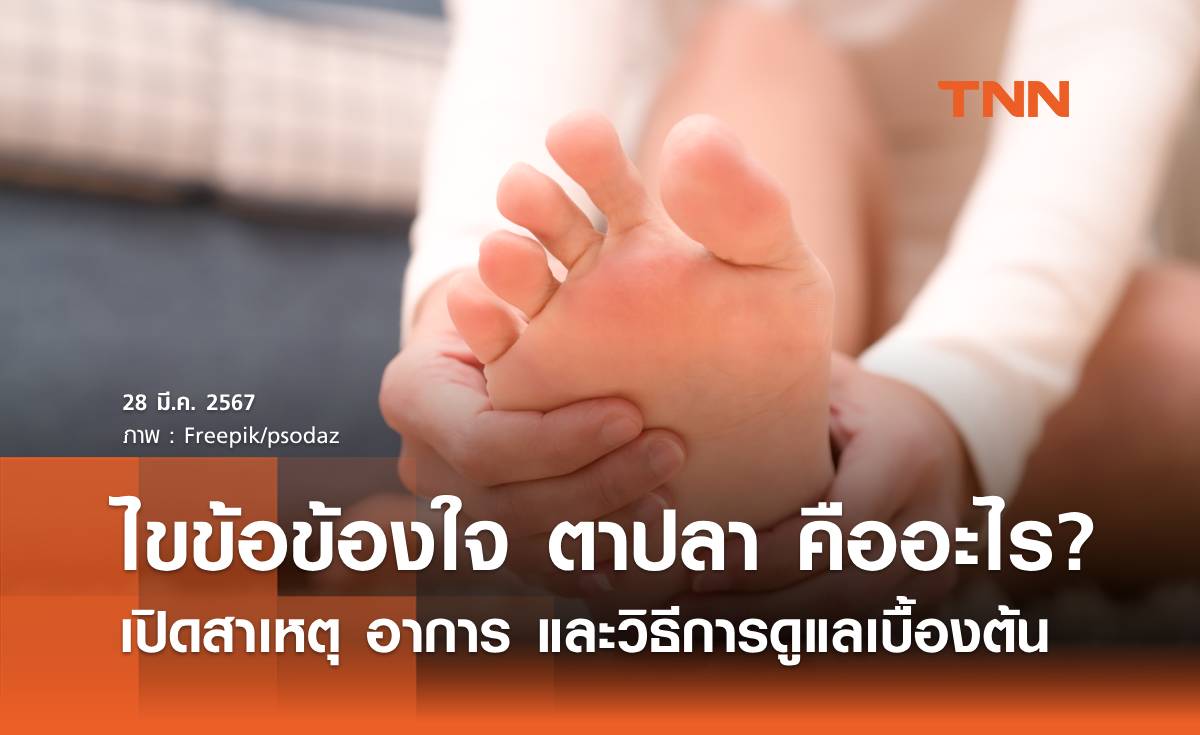 ไขข้อข้องใจ "ตาปลา" คืออะไร เปิดสาเหตุ อาการ และวิธีการดูแลเบื้องต้น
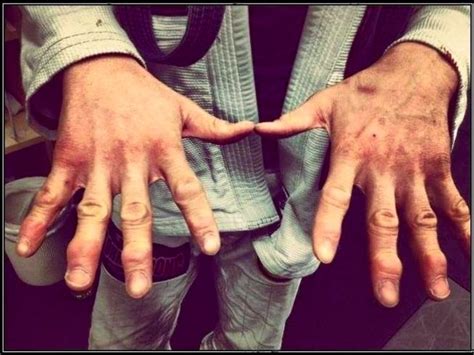 3 Ways To Protect Your Fingers When Doing BJJ And Judo Jiu Jitsu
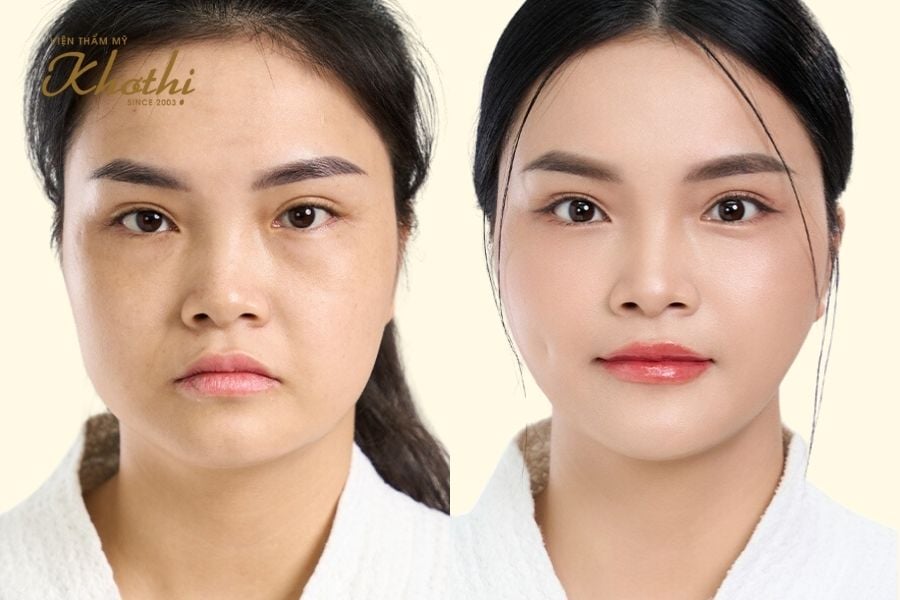 Căng chỉ Khơ Thị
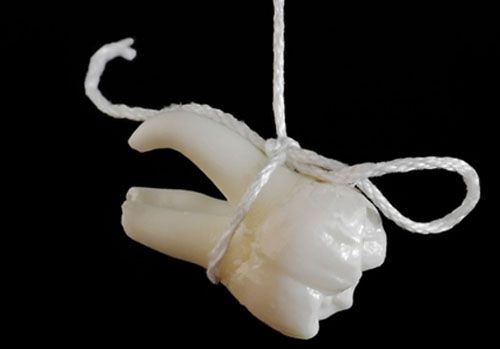 sau khi nhổ răng có cấy ghép implant được không -12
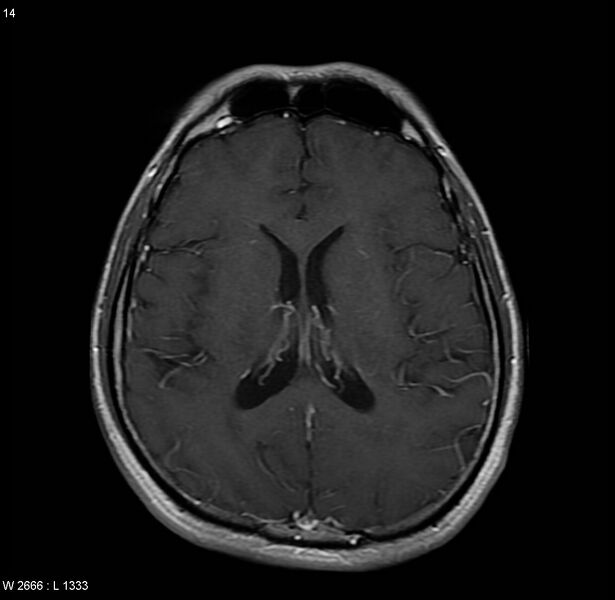File:Cerebral vasculitis (Radiopaedia 5131-6923 Axial T1 C+ 3).jpg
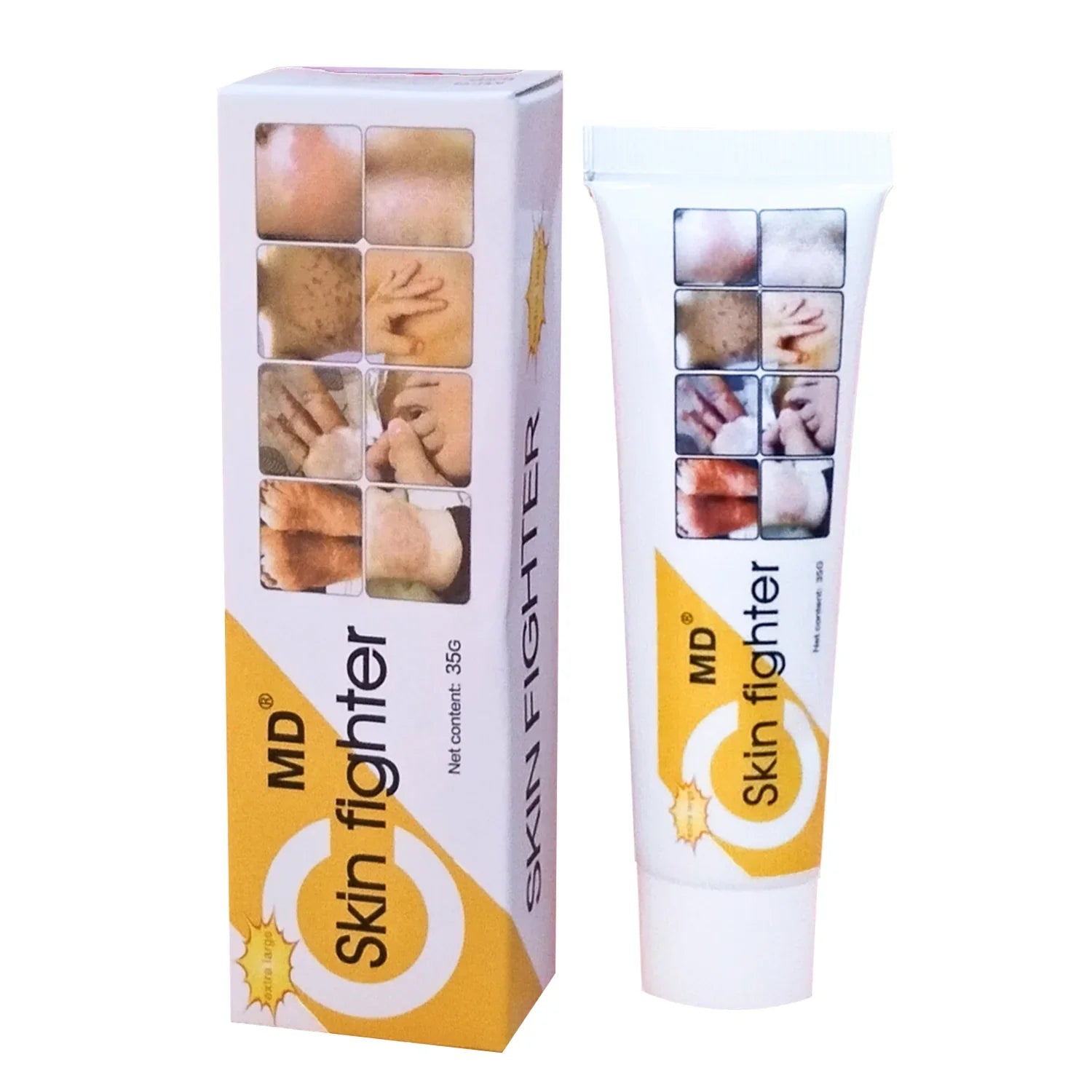 MD Skin Fighter Cream - 35g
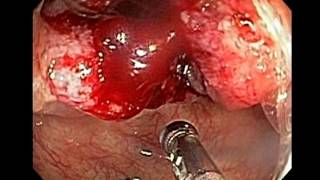 Endoscopy of Colon Cancer Cecum [upl. by Schluter]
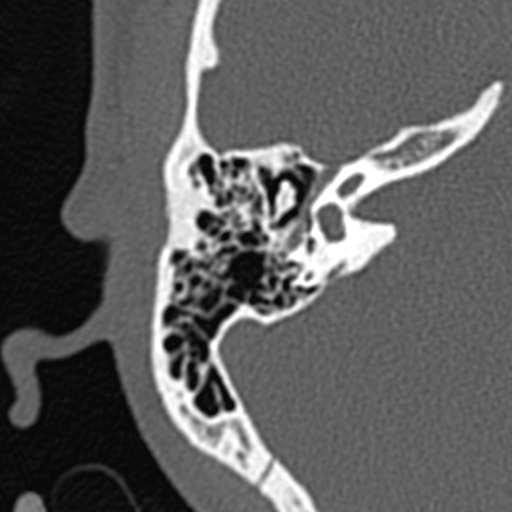 BodyTom-64-IAC-2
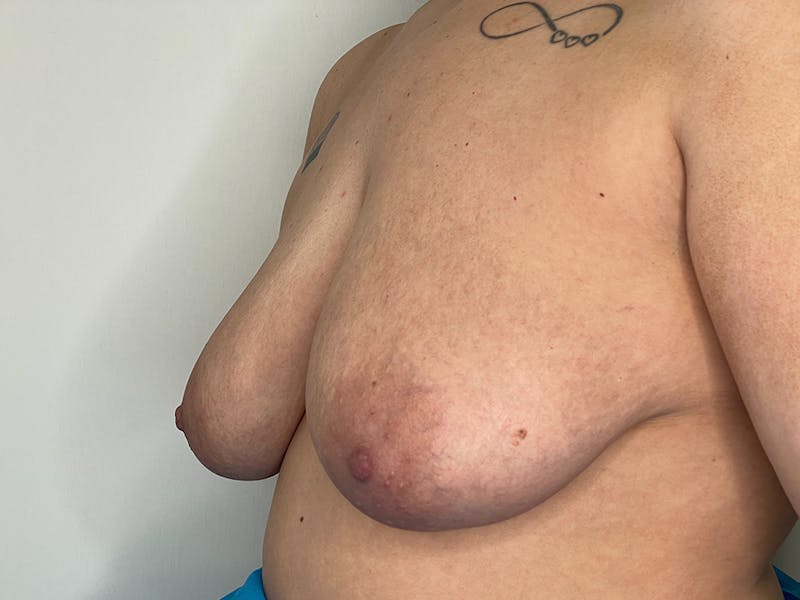 Breast Uplift with Implants Before & After Gallery - Patient 115307471 - Image 1
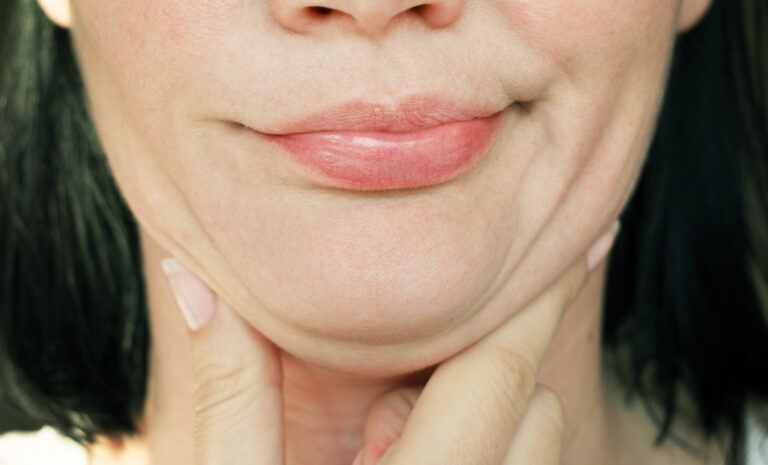 What Is Kybella? A Quick Guide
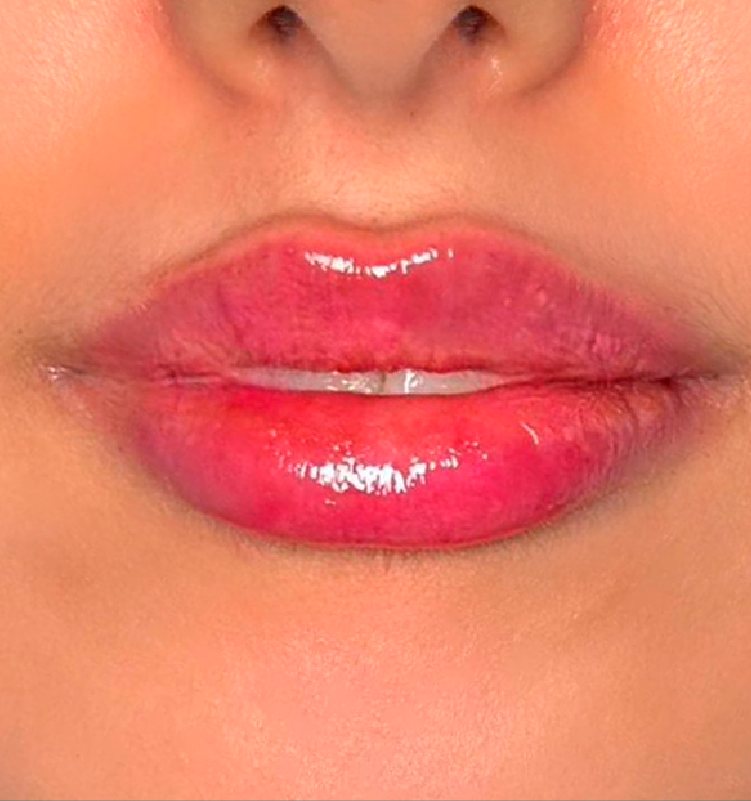 After - الجلدية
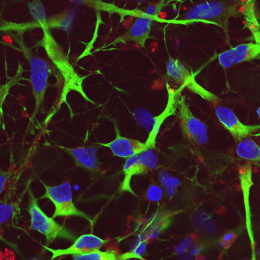 Neurons shown in green and blue light, with red vesicles from ginger, demonstrating successful binding and entry into nerve cells.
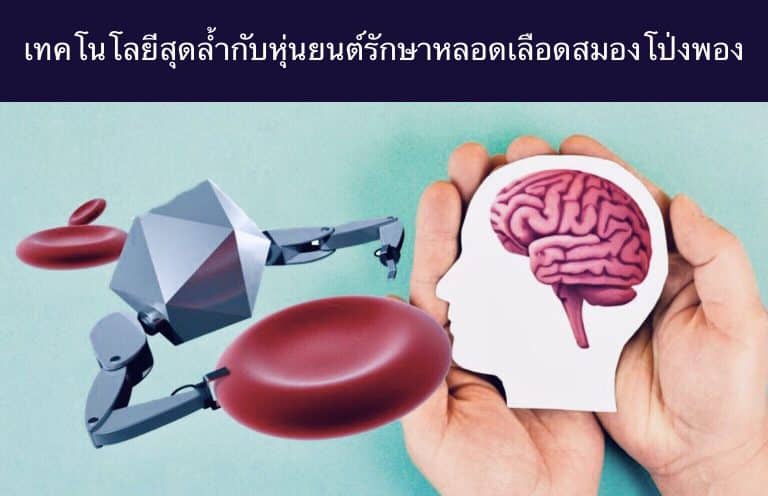 เทคโนโลยีสุดล้ำกับหุ่นยนต์รักษาหลอดเลือดสมองโป่งพอง
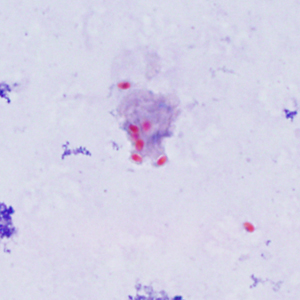 Ec_MAYO_Trichrome1.jpg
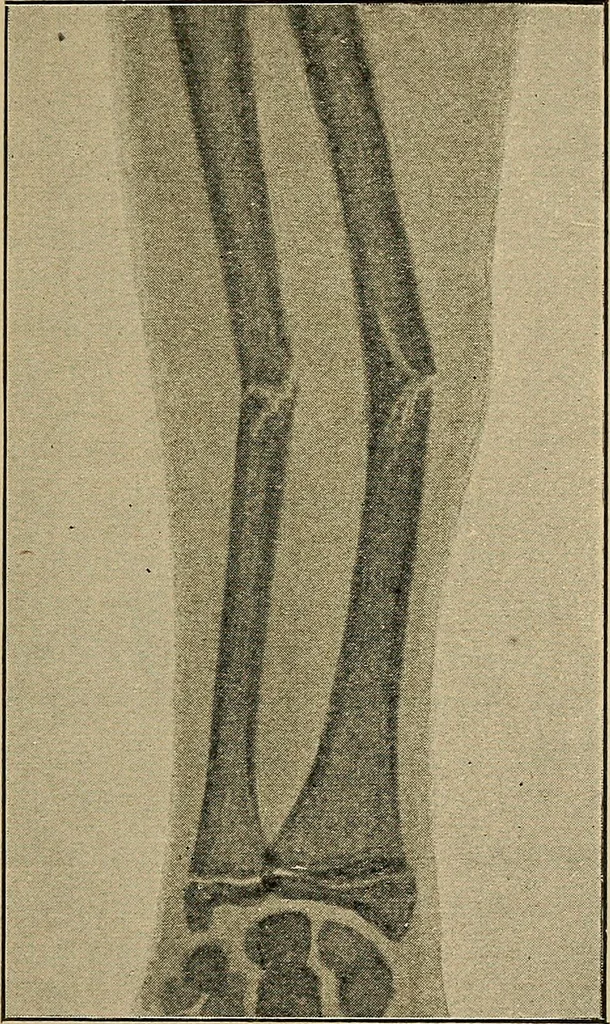 An illustration from Atlas and epitome of traumatic fractures and dislocations / by H. Helferich ; auth. tr. from the German, ed. by Joseph C. Bloodgood., 1902, leaf 33
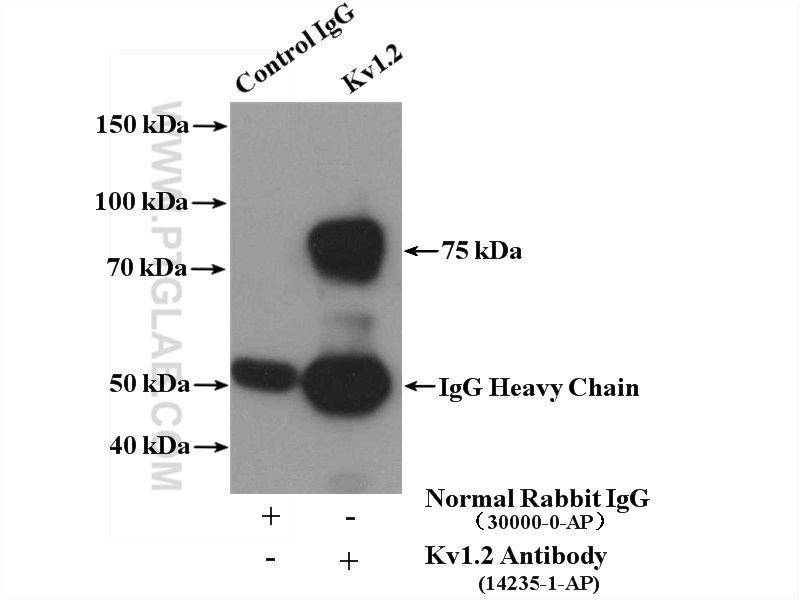 IP experiment of HeLa using 14235-1-AP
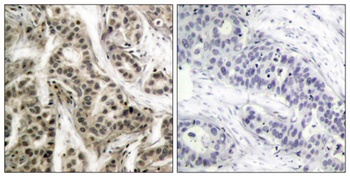 NFκB-p105/p50 (phospho Ser337) rabbit pAb Antibody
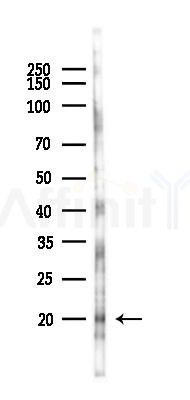 PTP4A1/PRL1 Antibody - Western blot analysis of lysates from 293 cells(UV,30min treatment), using PTP4A1/PRL1 Antibody at 1/1000 dilution.
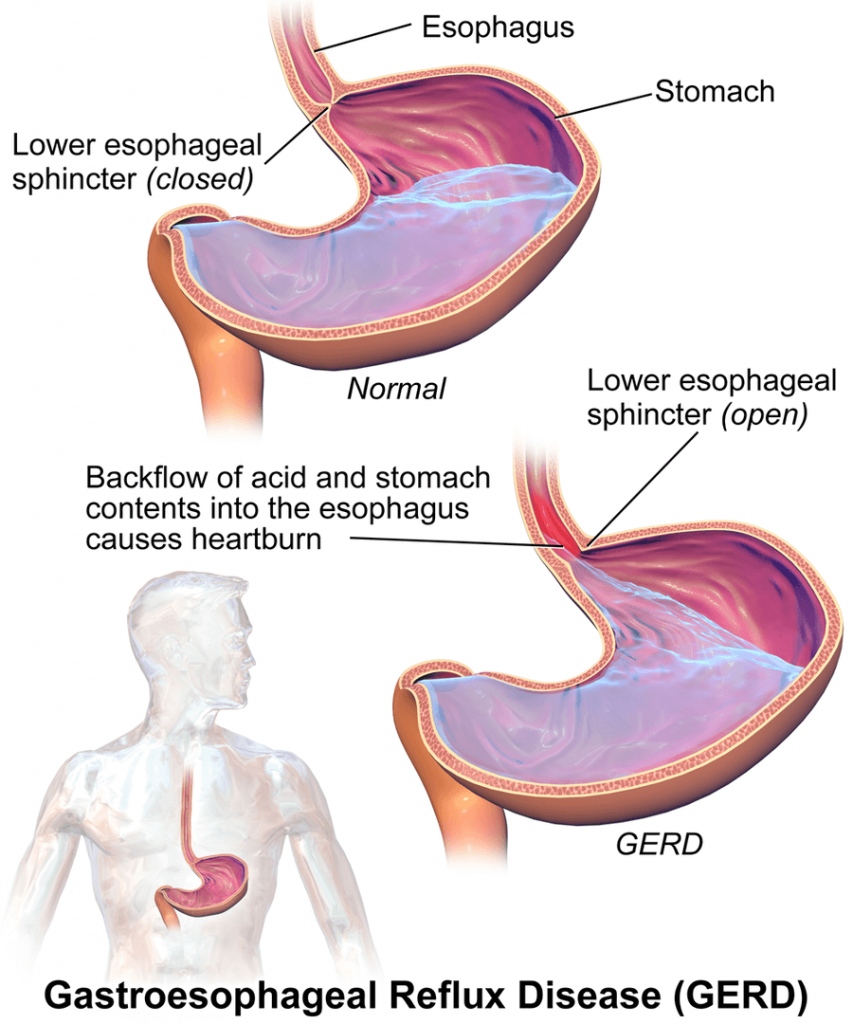 Kansas City Gastroesophageal Reflux Disease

*-*-*

**Problem description**
For each record, return its text exactly and leave any picture out.

**Task result**
 ไขข้อข้องใจ "ตาปลา" คืออะไร เปิดสาเหตุ อาการ และวิธีการดูแลเบื้องต้น
 3 Ways To Protect Your Fingers When Doing BJJ And Judo Jiu Jitsu
 Căng chỉ Khơ Thị
 sau khi nhổ răng có cấy ghép implant được không -12
File:Cerebral vasculitis (Radiopaedia 5131-6923 Axial T1 C+ 3).jpg
 MD Skin Fighter Cream - 35g
 Endoscopy of Colon Cancer Cecum [upl. by Schluter]
 BodyTom-64-IAC-2
 Breast Uplift with Implants Before & After Gallery - Patient 115307471 - Image 1
 What Is Kybella? A Quick Guide
 After - الجلدية
 Neurons shown in green and blue light, with red vesicles from ginger, demonstrating successful binding and entry into nerve cells.
 เทคโนโลยีสุดล้ำกับหุ่นยนต์รักษาหลอดเลือดสมองโป่งพอง
 Ec_MAYO_Trichrome1.jpg
 An illustration from Atlas and epitome of traumatic fractures and dislocations / by H. Helferich ; auth. tr. from the German, ed. by Joseph C. Bloodgood., 1902, leaf 33
 IP experiment of HeLa using 14235-1-AP
 NFκB-p105/p50 (phospho Ser337) rabbit pAb Antibody
 PTP4A1/PRL1 Antibody - Western blot analysis of lysates from 293 cells(UV,30min treatment), using PTP4A1/PRL1 Antibody at 1/1000 dilution.
 Kansas City Gastroesophageal Reflux Disease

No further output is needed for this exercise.